- DIRECTIONS
Everything from the line with "Душевой уголок Gemy" through the last line of the data below should be copied exactly, apart from the pictures.

- THE DATA
□ □ □ □
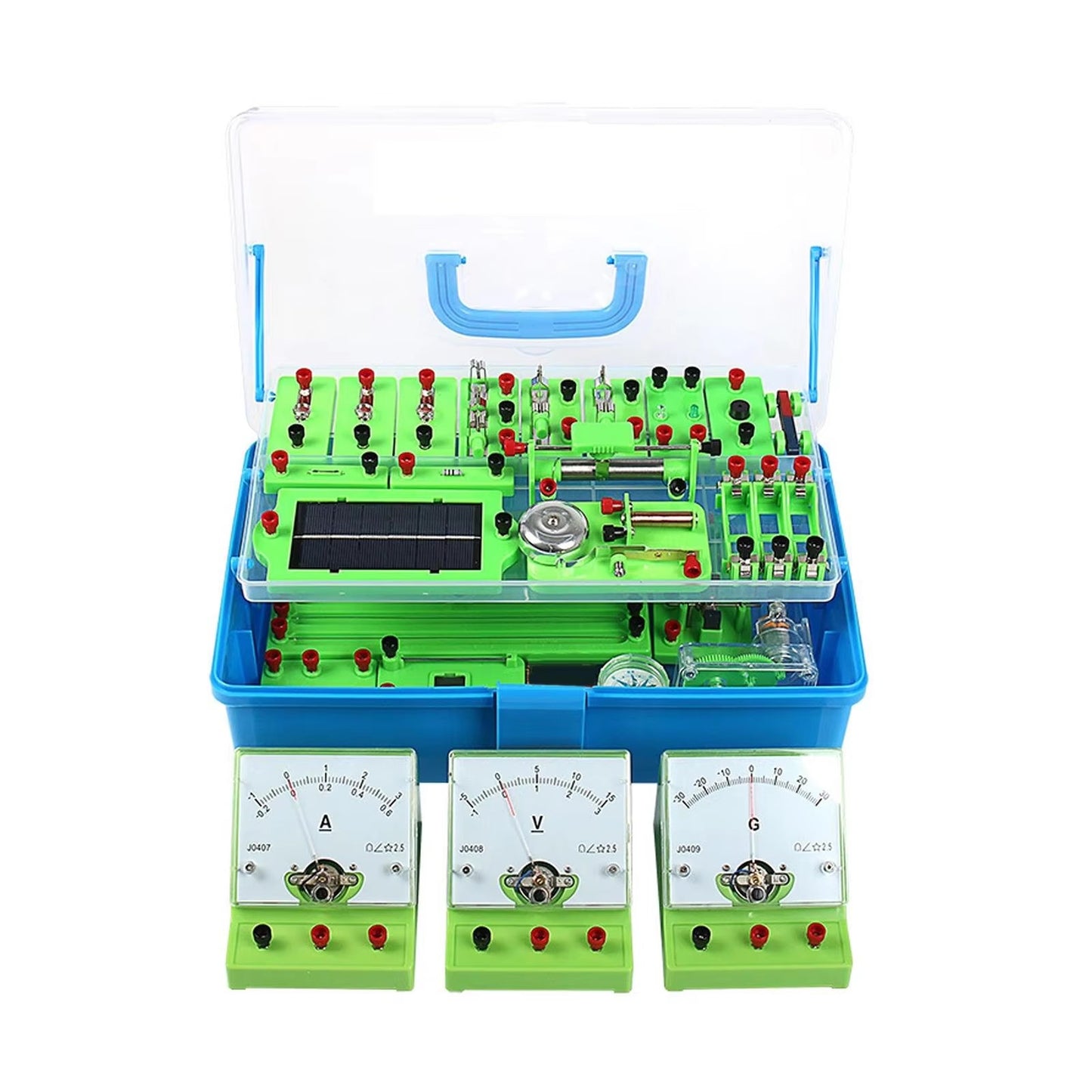 Kit educativo de electromagnetismo de 98 piezas-2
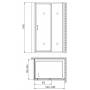 Душевой уголок Gemy Sunny Bay S28131B-A1. Фото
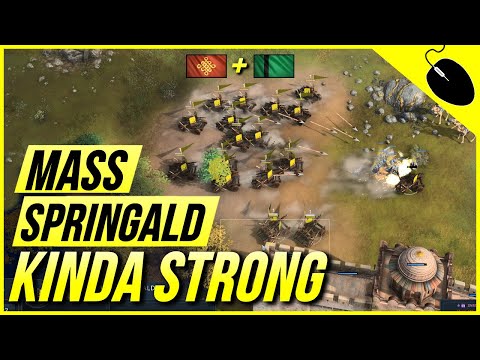 Age of Empires 4 – Is Mass Springald Too Good?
□ □ □ □
- ANSWER SECTION
 Душевой уголок Gemy Sunny Bay S28131B-A1. Фото
 Age of Empires 4 – Is Mass Springald Too Good?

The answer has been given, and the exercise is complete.